Data listing Block Start
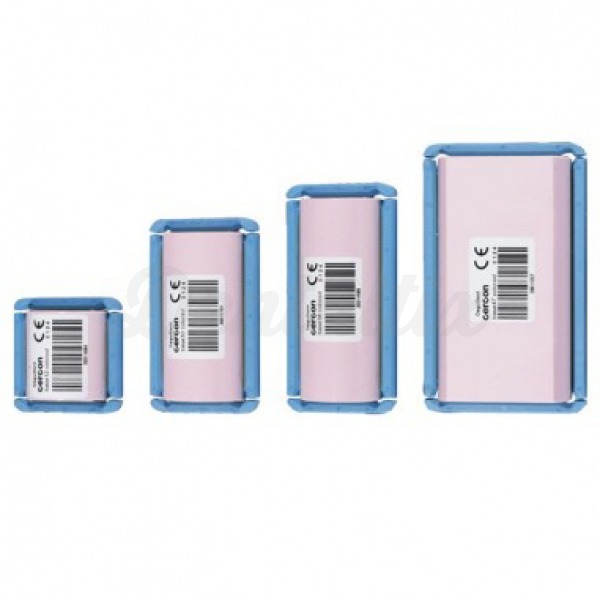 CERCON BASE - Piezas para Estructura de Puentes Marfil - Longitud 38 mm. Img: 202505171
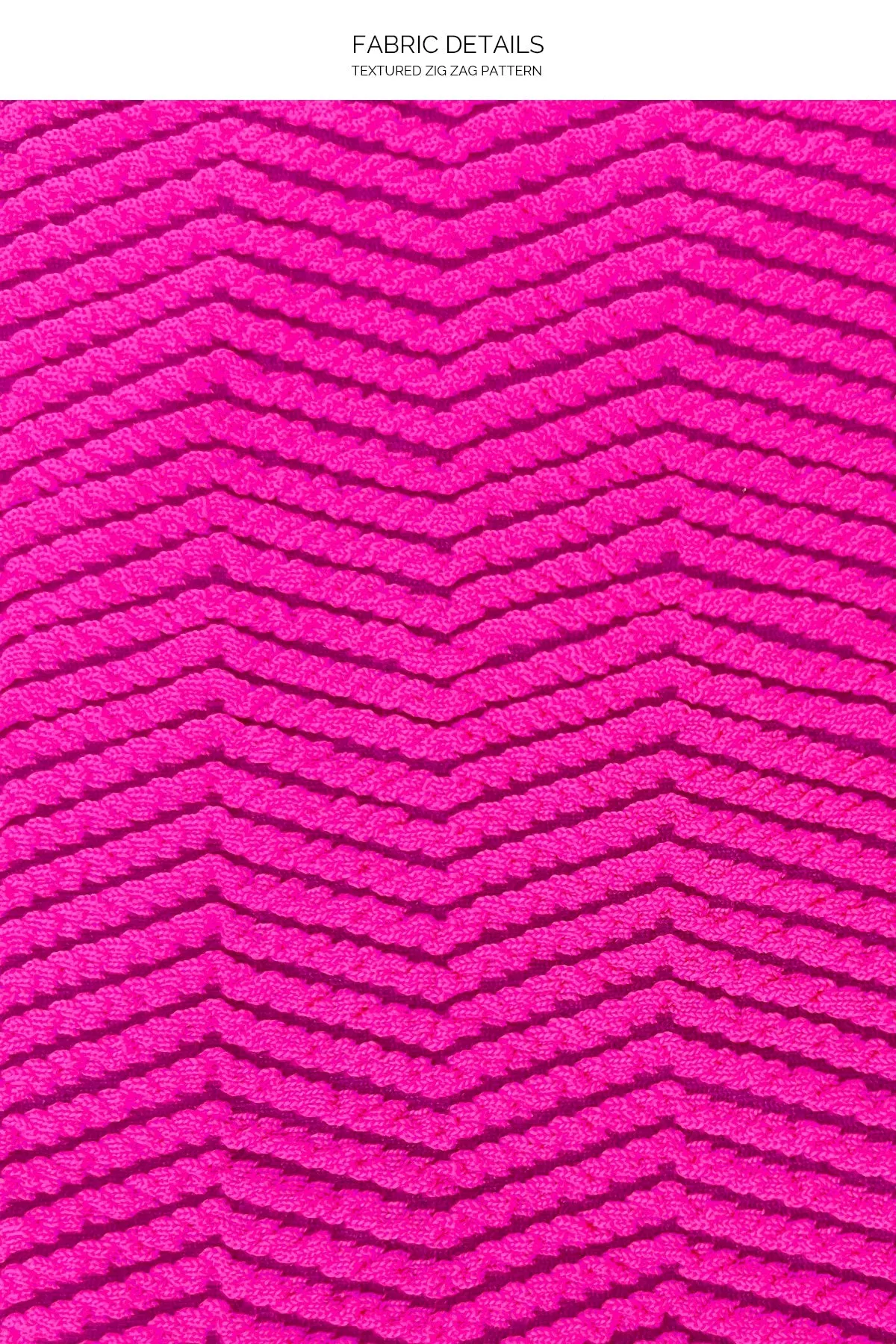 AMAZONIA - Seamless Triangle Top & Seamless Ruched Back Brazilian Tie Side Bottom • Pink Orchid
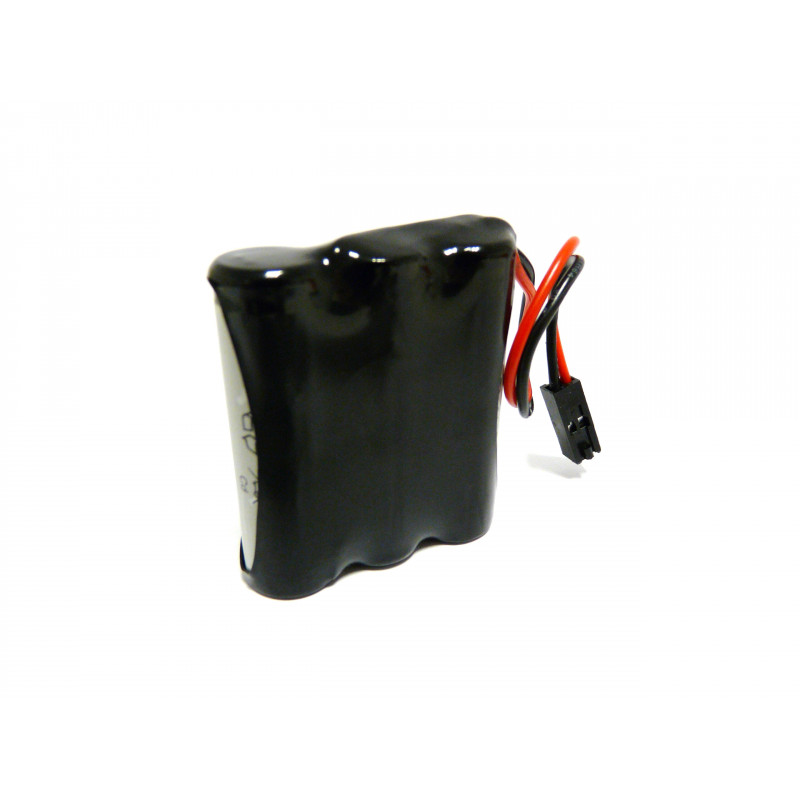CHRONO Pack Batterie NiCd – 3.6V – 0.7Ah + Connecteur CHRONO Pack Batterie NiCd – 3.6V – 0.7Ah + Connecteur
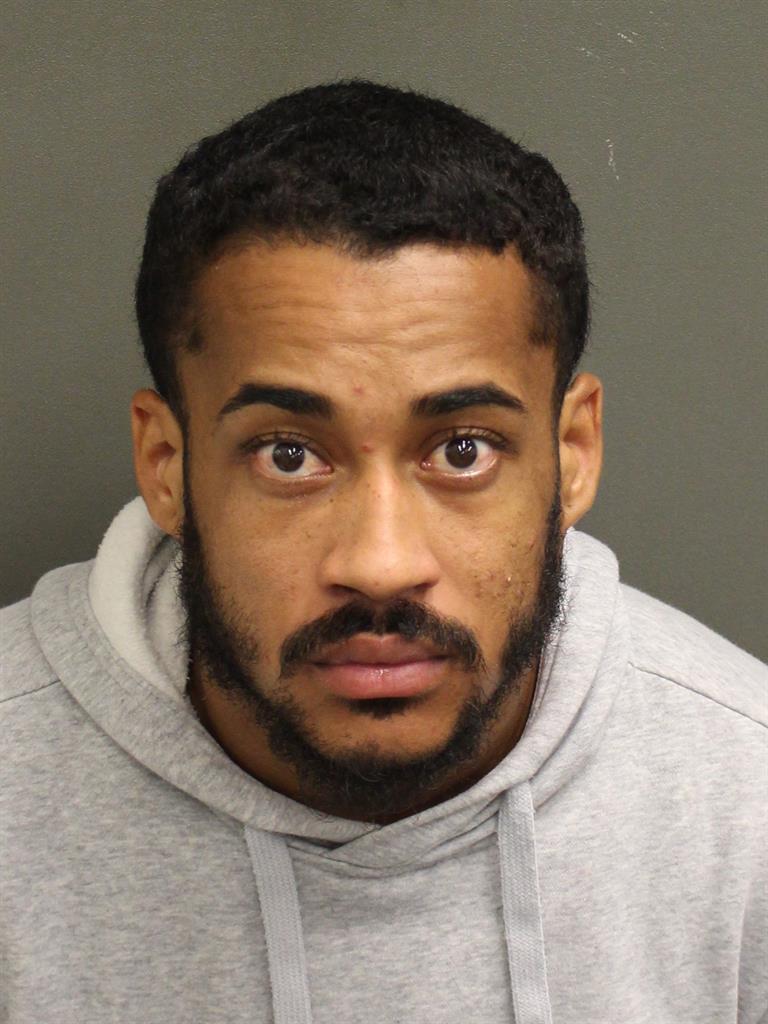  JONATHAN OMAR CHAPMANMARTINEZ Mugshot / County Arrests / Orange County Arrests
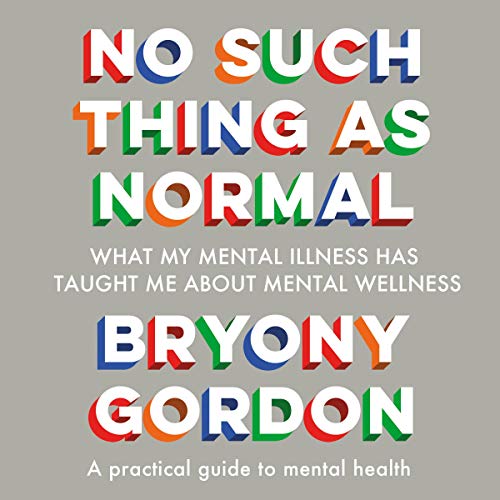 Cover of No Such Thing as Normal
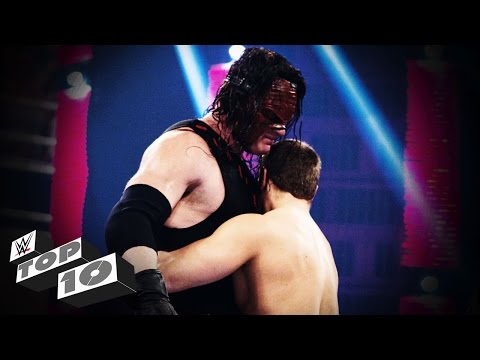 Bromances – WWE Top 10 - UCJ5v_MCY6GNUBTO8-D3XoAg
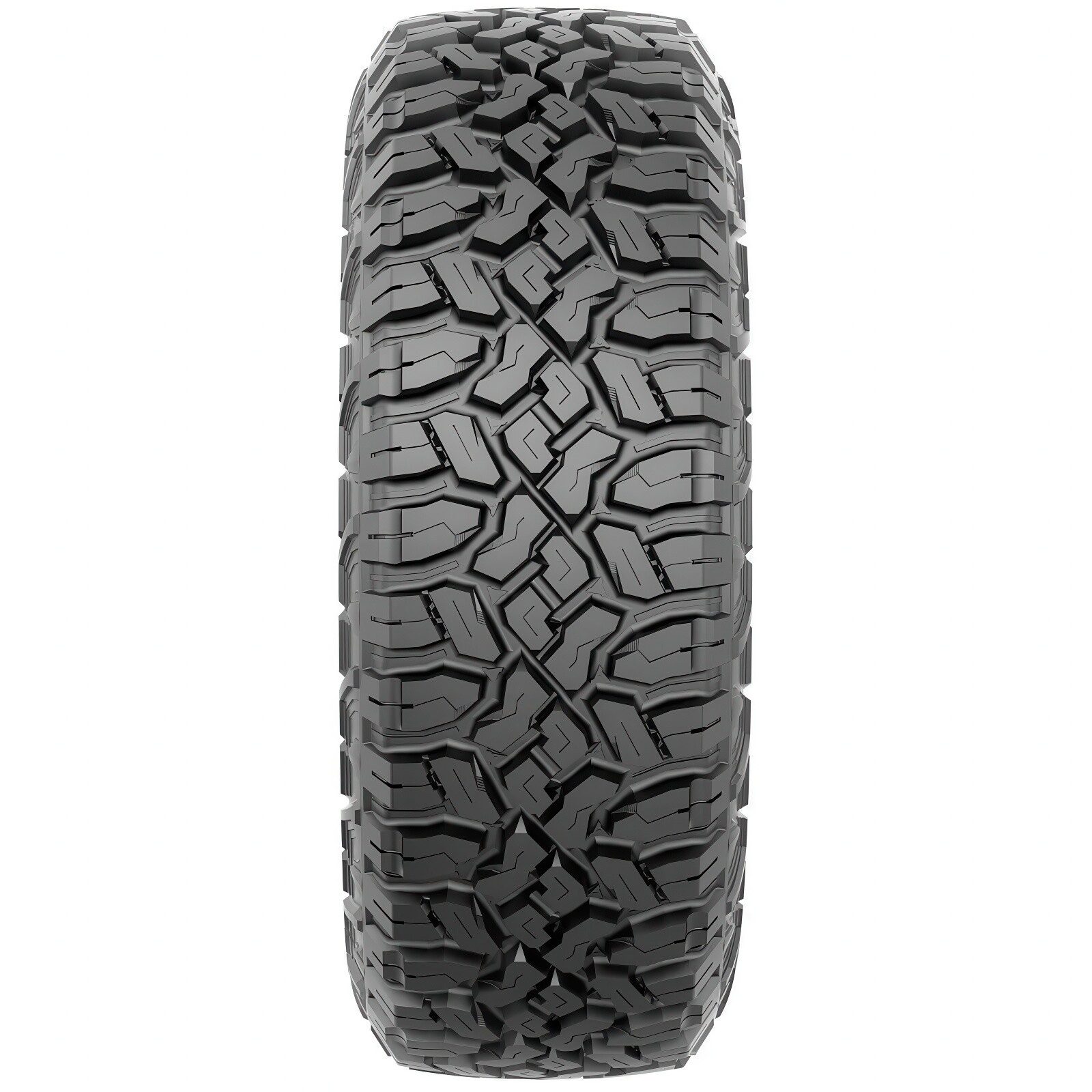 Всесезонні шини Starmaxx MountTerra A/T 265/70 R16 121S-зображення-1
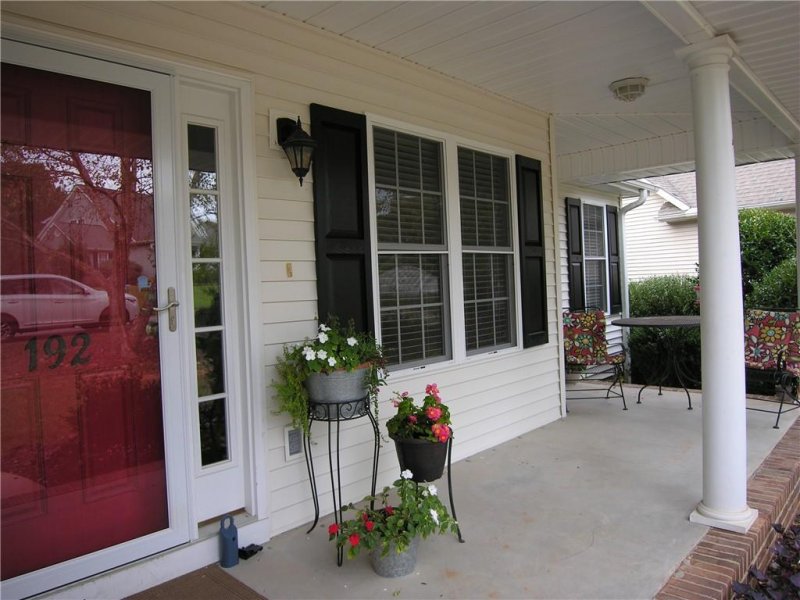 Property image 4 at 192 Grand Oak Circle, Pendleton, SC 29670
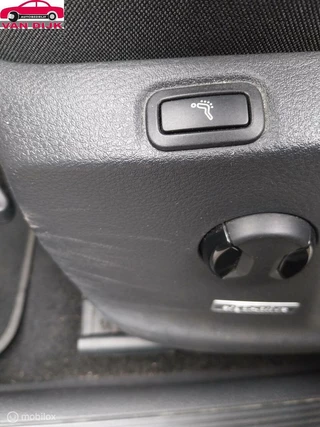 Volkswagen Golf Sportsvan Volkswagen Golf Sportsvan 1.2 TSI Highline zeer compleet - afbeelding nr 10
Data listing Block End
### What you will do
Reproduce every record in full. Leave out the images.

### Written solution
 CERCON BASE - Piezas para Estructura de Puentes Marfil - Longitud 38 mm. Img: 202505171
 AMAZONIA - Seamless Triangle Top & Seamless Ruched Back Brazilian Tie Side Bottom • Pink Orchid
CHRONO Pack Batterie NiCd – 3.6V – 0.7Ah + Connecteur CHRONO Pack Batterie NiCd – 3.6V – 0.7Ah + Connecteur
  JONATHAN OMAR CHAPMANMARTINEZ Mugshot / County Arrests / Orange County Arrests
 Cover of No Such Thing as Normal
 Bromances – WWE Top 10 - UCJ5v_MCY6GNUBTO8-D3XoAg
 Всесезонні шини Starmaxx MountTerra A/T 265/70 R16 121S-зображення-1
 Property image 4 at 192 Grand Oak Circle, Pendleton, SC 29670
 Volkswagen Golf Sportsvan Volkswagen Golf Sportsvan 1.2 TSI Highline zeer compleet - afbeelding nr 10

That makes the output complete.